Icewine: mmaaaayyyybe if the gas pipeline is constructed it *might* be of interest to somebody, but not for *many* years if at all, IMHO. If PANR's Kodiak acreage moves into full production then that would perhaps help?
[Part 1, see above for Part 2]
13:41
Sharebel - more conspiracy theories from this prolific poster. To have averaged down such that his average is "around the placing level" defies mathematical probability. *If* we are to believe Sharebel's historical posts contain truthful descriptions of his holdings and seemingly continuous additions then Sharebel would have had to add many multiples of his pre-fundraise shareholding to bring his average anywhere close to these all time lows. Make of that what you will.
13:29
Sharebel posted: "...and trying to conflate 88E just because they have found huge commerical [sic] oil field discoveries like COPL is amateur deramping hour."
Let's me blunt here. 88E has not assessed their discoveries to be "commercial". Sharebel is lying to the forum. He has repeated this lie on numerous occasions since the flow test results were published, That makes Sharebel a fecund liar. I urge forum members to challenge Sharebel to cite a specific quotation where 88E management has stated the discoveries are "commercial". He will not be able to do so because there has been no such statement from the company. Fact.
I note Sharebel goes on to repeat the conspiracy nonsense about an organised shorting campaign and an Aussie short fund, blah, blah, blah. The fantastical musings of a shareholder who a) doesn't understand that 88E was running miles ahead of its fundamentals when he first invested and b) doesn't understand the fundamentals have been brought into view and a significant cohort of 88E holders have decided enough is enough and sold out.
“When the facts change, I change my mind. What do you do, sir?”
27/4 @ 18:26
Miner4 - I have only one username. Fact.
27/4 @ 17:31
Sharebel posted: ".... the SP which fell inexplicably fell back from 0.44p on our not one but two pieces of transformative good news so the massive naked short can cover." Sharebel once again refuses to recognise the huge speculative component which was contained within the mkt cap of the company when he first invested in the stock.
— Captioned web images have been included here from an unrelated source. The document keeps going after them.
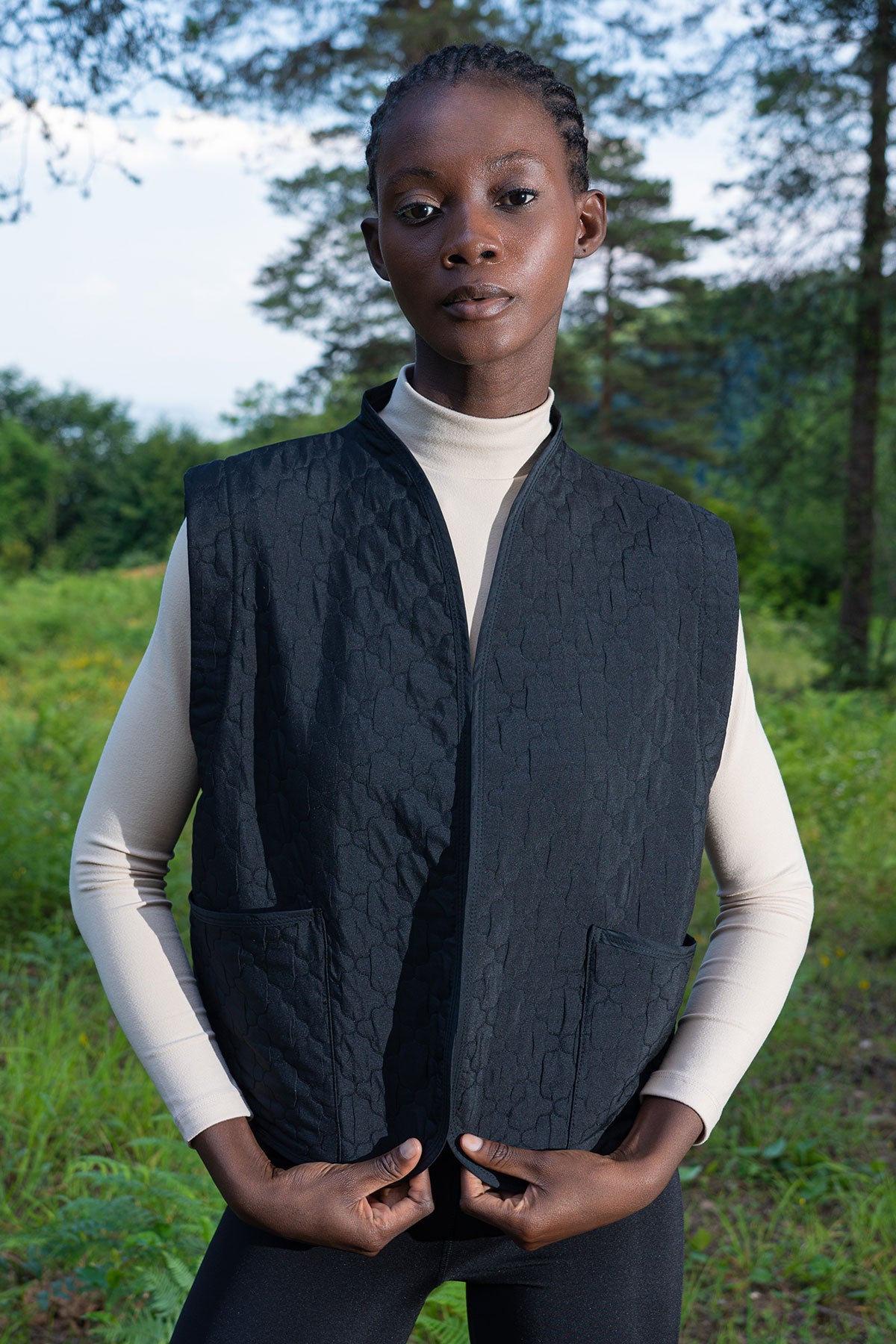 KADIN KAPITONE ETEGI OVAL CEPLI YELEK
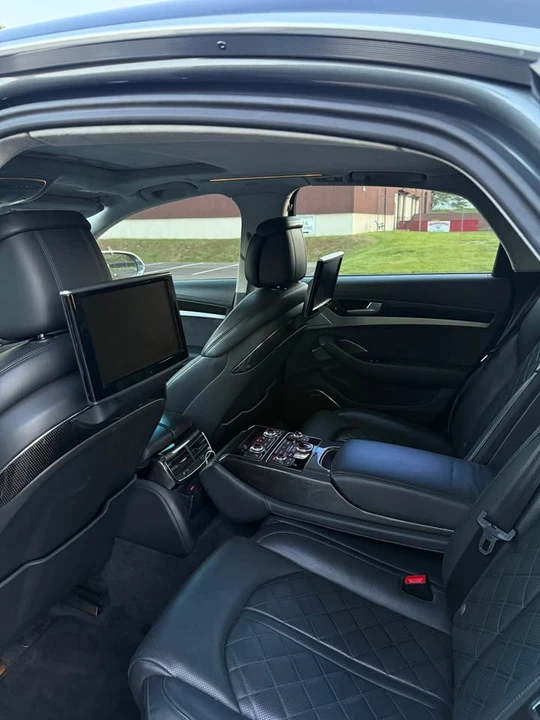 2013 Audi D4 S8 - Image 11 of 20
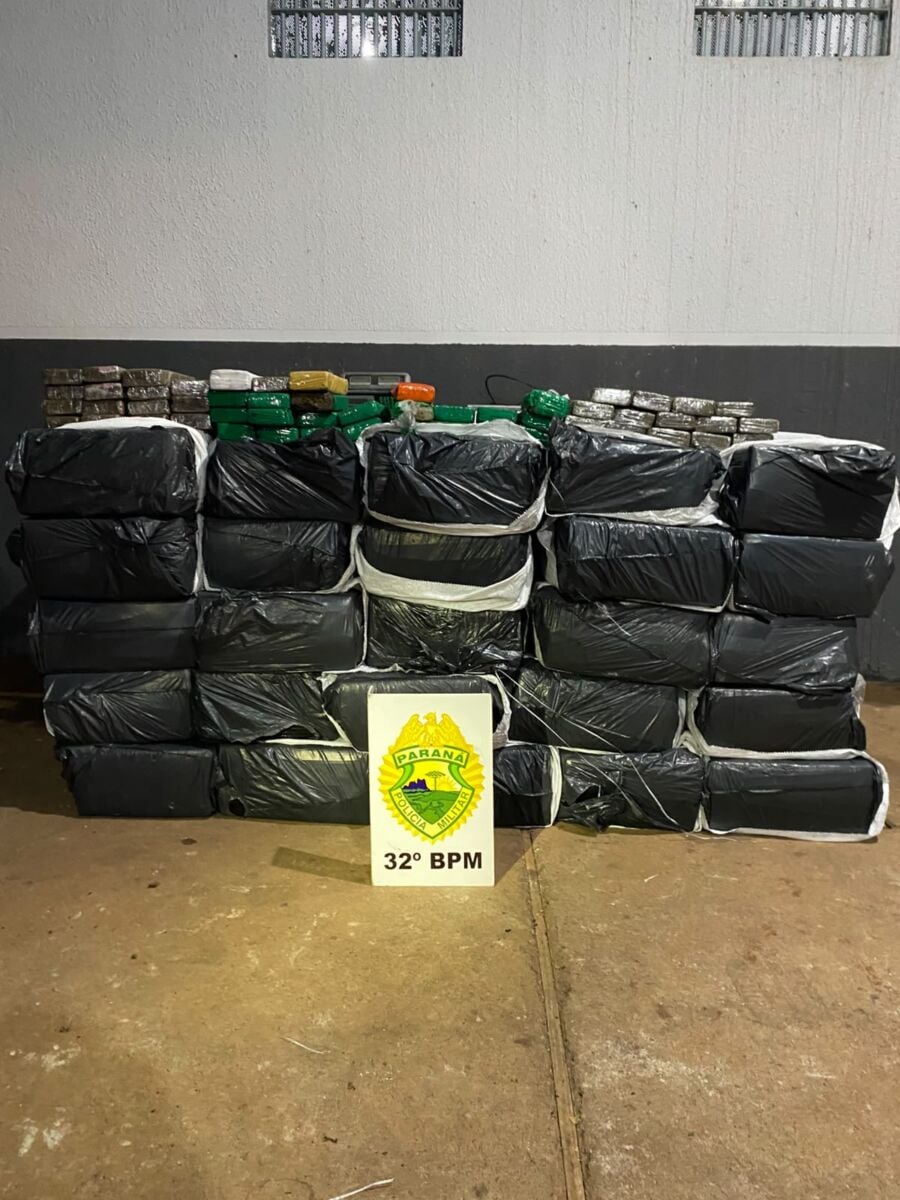 Polícia é acionada para ocorrência de furto de fiação e encontra mais de 700 kg de maconha em barracão comercial em Sarandi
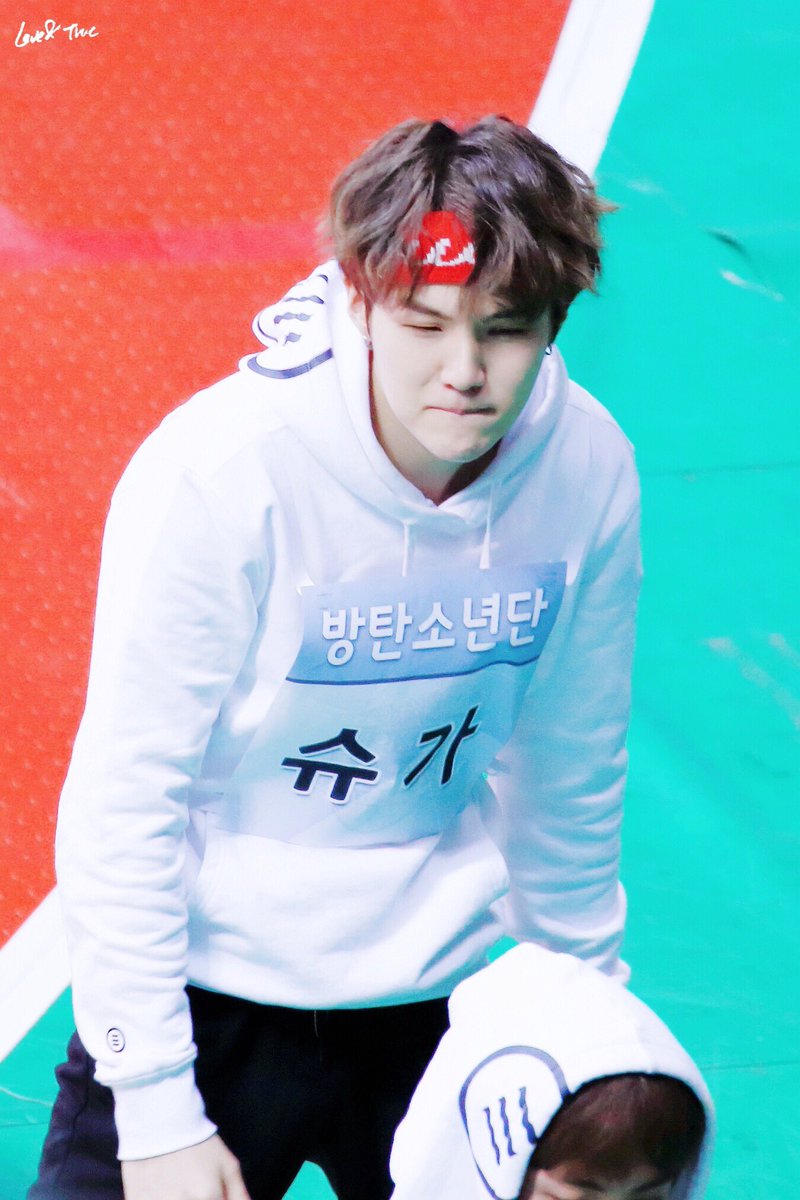 SUGA_th's tweet photo. [HQ] 170116 SUGA - ISAC 2017 (cr.loveandtrue_) https://t.co/UQWv3VWIee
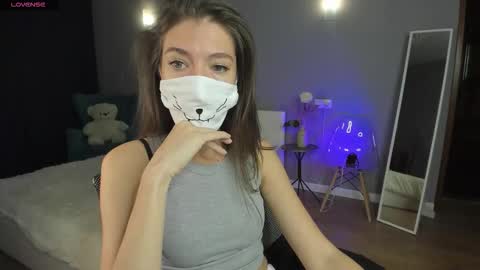 Snapshot of take_me_to_moon chatting on September 2025 01:49:02 AM Sasha online show from September 2025 01:49:02 AM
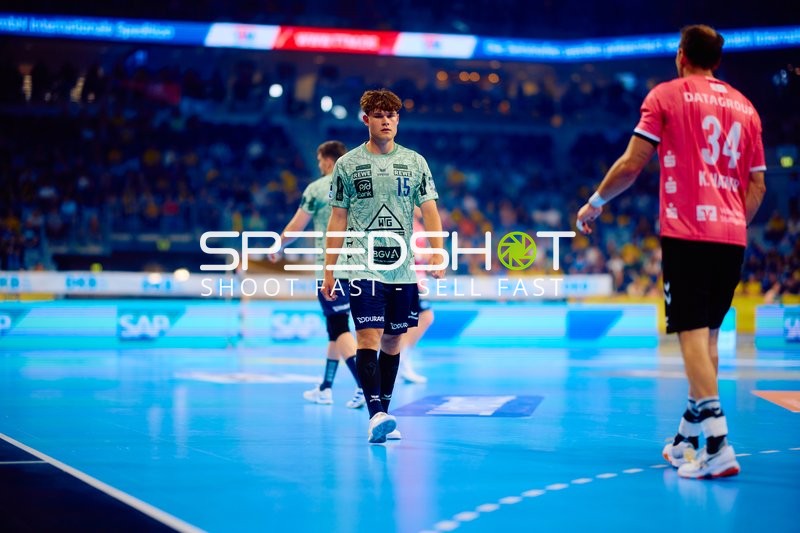 Spieler David Móré (15; Rhein Neckar Löwen) steht bereit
Contrary to Sharebel's assertion that the fall in the share price is "inexplicable", I contend the fall is easily explained. The empirical data collected during the flow tests led the market to confront finally the effects of Dmax on these deeper parts of the shared stacked reservoirs. In turn, the speculative component of the mkt cap was punctured quite dramatically. Add in the requirement to raise cash to keep the company going and the SP has behaved perfectly logically.
Sharebel's false refrain that the flow data results are "two pieces of transformative good news" is correct apart from one word. Delete "good" and Sharebel has got it spot on.